**What is expected:** All lines from the start of the listing below through the line containing "Metal Minimalism Flush" are to be written out again exactly, and no others.

**Supplied material:**
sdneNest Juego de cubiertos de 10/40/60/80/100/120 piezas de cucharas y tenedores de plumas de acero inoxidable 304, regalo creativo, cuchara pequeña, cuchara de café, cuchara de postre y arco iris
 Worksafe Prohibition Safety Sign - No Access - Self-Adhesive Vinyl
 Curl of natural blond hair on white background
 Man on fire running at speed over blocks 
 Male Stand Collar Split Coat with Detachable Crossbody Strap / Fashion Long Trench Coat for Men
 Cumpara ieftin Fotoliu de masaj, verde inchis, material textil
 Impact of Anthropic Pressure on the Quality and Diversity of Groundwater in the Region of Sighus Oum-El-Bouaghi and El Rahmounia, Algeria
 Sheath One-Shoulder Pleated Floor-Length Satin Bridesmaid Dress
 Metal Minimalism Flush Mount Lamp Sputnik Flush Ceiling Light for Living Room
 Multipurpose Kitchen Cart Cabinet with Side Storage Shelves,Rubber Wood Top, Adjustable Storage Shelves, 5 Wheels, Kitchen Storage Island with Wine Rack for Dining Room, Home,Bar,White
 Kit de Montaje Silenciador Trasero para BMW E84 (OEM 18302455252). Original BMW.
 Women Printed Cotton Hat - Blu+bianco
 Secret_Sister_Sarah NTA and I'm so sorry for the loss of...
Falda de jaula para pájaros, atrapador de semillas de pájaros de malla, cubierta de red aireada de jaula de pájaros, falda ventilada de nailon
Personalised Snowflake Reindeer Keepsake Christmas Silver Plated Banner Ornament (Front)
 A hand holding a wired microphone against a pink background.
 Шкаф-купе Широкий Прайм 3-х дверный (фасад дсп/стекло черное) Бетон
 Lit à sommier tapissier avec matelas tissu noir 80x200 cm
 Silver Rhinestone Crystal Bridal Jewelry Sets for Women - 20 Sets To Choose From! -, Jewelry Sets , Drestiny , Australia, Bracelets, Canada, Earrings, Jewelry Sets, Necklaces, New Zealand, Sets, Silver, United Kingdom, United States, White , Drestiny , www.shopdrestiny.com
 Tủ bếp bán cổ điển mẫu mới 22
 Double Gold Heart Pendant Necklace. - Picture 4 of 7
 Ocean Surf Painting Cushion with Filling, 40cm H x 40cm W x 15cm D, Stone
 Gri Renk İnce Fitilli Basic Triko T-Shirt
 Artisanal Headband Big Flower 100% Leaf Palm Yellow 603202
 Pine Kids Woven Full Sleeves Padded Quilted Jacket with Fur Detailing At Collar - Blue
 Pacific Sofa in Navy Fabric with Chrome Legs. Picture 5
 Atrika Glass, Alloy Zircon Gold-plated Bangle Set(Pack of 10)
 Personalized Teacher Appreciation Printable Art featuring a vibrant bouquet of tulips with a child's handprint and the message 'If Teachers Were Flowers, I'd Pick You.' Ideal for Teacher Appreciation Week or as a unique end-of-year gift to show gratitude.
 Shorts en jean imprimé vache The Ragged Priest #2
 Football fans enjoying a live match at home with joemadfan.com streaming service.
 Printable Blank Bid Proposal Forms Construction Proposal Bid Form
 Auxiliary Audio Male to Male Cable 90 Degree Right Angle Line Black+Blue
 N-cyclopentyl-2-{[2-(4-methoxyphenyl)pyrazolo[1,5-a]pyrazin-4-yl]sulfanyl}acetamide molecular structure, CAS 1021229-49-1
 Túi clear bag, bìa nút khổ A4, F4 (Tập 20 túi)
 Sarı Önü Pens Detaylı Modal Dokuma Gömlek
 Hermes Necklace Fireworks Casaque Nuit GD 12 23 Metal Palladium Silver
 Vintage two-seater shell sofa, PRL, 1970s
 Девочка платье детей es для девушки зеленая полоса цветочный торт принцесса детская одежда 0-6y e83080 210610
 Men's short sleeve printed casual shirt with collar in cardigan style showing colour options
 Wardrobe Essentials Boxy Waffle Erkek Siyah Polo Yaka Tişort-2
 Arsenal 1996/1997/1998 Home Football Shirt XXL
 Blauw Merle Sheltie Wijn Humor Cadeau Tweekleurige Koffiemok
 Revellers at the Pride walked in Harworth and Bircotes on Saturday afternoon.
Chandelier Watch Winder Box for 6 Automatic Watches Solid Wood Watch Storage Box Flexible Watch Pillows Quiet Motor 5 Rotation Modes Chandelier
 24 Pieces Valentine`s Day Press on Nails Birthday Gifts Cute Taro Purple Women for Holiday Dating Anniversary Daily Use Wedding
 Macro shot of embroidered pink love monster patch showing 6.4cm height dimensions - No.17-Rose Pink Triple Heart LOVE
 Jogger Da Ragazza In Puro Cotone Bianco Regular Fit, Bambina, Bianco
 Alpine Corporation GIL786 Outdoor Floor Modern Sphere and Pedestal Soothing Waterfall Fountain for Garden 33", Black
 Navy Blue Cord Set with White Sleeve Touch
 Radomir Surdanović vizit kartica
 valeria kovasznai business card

**Answer:**
sdneNest Juego de cubiertos de 10/40/60/80/100/120 piezas de cucharas y tenedores de plumas de acero inoxidable 304, regalo creativo, cuchara pequeña, cuchara de café, cuchara de postre y arco iris
 Worksafe Prohibition Safety Sign - No Access - Self-Adhesive Vinyl
 Curl of natural blond hair on white background
 Man on fire running at speed over blocks 
 Male Stand Collar Split Coat with Detachable Crossbody Strap / Fashion Long Trench Coat for Men
 Cumpara ieftin Fotoliu de masaj, verde inchis, material textil
 Impact of Anthropic Pressure on the Quality and Diversity of Groundwater in the Region of Sighus Oum-El-Bouaghi and El Rahmounia, Algeria
 Sheath One-Shoulder Pleated Floor-Length Satin Bridesmaid Dress
 Metal Minimalism Flush Mount Lamp Sputnik Flush Ceiling Light for Living Room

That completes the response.